ABOUT THIS TASK: When the line containing "Finnish Lapphund Duo by Enchanted Reverie" appears in the entries below, begin printing there and stop after the line containing "TRASH】ハイカートラッシュ Respect Neighbours"; print each of those lines exactly and no other line.

SOURCE MATERIAL:
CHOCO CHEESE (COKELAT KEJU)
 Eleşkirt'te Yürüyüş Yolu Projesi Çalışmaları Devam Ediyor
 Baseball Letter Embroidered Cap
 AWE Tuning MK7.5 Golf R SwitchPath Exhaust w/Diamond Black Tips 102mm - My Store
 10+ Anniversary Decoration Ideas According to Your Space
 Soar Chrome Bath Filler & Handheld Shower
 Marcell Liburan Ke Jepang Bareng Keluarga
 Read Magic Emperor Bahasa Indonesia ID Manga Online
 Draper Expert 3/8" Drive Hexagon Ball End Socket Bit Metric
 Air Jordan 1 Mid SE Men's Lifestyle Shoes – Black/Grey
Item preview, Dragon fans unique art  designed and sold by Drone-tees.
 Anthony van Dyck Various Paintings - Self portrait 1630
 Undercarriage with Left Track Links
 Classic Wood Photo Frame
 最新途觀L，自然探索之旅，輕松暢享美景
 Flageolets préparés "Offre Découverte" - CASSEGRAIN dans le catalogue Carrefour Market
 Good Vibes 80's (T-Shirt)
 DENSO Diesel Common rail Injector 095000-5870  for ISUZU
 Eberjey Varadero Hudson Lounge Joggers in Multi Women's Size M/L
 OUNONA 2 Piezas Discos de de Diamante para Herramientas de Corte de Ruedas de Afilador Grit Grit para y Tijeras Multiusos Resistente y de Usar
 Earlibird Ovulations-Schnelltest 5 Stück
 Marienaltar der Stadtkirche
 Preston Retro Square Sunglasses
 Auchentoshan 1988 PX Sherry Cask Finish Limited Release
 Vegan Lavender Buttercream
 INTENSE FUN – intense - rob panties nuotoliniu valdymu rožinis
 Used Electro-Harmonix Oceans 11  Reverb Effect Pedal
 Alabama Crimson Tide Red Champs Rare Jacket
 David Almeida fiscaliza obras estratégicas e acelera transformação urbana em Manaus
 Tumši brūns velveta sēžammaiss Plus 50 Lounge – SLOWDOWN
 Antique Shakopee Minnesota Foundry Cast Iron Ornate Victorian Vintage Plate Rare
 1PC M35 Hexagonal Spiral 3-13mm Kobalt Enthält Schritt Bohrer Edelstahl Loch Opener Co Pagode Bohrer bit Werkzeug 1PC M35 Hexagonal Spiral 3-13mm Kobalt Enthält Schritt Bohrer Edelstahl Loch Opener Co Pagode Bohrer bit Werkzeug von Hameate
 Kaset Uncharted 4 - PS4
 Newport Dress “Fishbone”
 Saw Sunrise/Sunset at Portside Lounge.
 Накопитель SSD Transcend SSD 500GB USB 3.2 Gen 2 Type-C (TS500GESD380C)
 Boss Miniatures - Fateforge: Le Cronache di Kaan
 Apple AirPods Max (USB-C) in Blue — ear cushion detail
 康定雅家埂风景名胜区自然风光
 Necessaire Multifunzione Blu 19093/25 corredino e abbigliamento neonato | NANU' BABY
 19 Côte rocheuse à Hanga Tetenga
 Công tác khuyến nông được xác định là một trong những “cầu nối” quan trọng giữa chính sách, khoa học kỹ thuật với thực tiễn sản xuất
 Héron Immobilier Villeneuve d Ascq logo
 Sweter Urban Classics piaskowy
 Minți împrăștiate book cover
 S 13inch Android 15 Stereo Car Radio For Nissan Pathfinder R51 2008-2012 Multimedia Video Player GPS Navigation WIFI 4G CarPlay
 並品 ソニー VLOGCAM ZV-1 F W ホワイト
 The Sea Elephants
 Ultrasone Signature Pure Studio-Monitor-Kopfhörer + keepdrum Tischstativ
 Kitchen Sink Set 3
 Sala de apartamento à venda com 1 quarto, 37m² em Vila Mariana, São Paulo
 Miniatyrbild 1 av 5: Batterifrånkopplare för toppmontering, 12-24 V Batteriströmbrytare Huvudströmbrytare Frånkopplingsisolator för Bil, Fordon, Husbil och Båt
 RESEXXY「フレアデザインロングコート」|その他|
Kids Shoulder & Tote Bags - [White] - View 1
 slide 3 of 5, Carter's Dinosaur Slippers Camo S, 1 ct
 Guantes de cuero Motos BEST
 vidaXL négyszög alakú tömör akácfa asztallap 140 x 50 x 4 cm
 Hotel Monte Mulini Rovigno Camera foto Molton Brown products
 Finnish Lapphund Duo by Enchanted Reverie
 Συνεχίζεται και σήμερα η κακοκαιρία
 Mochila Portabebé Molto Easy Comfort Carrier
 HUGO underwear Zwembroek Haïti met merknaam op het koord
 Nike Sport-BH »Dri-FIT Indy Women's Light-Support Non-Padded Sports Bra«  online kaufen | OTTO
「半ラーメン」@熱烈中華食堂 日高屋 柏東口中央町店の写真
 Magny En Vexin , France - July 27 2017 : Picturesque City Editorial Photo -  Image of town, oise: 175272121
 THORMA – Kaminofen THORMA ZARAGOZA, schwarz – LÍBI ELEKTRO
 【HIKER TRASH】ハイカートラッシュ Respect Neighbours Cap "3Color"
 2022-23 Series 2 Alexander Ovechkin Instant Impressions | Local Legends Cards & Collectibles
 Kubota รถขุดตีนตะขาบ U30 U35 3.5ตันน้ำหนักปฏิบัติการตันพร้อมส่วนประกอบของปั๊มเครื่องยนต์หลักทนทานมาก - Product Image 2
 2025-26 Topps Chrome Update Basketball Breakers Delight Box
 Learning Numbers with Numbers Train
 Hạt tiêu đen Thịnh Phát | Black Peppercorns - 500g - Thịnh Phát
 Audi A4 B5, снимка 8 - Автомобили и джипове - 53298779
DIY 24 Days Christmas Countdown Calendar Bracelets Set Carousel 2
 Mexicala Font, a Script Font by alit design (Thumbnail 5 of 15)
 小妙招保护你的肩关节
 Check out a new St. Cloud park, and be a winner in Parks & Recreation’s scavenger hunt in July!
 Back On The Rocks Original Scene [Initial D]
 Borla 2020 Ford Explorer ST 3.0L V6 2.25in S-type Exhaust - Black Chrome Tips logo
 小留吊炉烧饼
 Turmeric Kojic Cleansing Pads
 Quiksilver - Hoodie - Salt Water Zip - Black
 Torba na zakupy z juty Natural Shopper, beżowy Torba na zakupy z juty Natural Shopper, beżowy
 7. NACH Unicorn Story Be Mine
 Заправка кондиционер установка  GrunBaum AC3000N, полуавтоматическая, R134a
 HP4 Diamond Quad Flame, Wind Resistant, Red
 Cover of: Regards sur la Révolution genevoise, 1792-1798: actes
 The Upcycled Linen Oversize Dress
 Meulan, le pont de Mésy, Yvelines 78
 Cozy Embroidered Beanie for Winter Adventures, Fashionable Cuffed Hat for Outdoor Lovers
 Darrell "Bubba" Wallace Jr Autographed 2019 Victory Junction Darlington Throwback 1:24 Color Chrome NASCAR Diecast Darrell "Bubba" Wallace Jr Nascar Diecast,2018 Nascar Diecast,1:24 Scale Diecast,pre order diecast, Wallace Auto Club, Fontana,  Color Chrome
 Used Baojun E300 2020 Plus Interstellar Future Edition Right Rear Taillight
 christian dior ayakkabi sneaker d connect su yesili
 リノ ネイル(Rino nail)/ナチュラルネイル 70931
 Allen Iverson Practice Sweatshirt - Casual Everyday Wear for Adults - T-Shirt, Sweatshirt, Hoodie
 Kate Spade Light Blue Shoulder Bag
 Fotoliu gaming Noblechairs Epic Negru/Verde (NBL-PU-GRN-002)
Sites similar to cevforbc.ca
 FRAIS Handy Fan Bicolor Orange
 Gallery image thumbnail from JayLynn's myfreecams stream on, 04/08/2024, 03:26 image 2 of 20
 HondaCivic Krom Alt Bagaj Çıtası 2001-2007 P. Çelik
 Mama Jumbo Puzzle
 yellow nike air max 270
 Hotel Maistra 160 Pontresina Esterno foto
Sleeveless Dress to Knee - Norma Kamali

RESPONSE TO THIS TASK:
 Finnish Lapphund Duo by Enchanted Reverie
 Συνεχίζεται και σήμερα η κακοκαιρία
 Mochila Portabebé Molto Easy Comfort Carrier
 HUGO underwear Zwembroek Haïti met merknaam op het koord
 Nike Sport-BH »Dri-FIT Indy Women's Light-Support Non-Padded Sports Bra«  online kaufen | OTTO
「半ラーメン」@熱烈中華食堂 日高屋 柏東口中央町店の写真
 Magny En Vexin , France - July 27 2017 : Picturesque City Editorial Photo -  Image of town, oise: 175272121
 THORMA – Kaminofen THORMA ZARAGOZA, schwarz – LÍBI ELEKTRO
 【HIKER TRASH】ハイカートラッシュ Respect Neighbours Cap "3Color"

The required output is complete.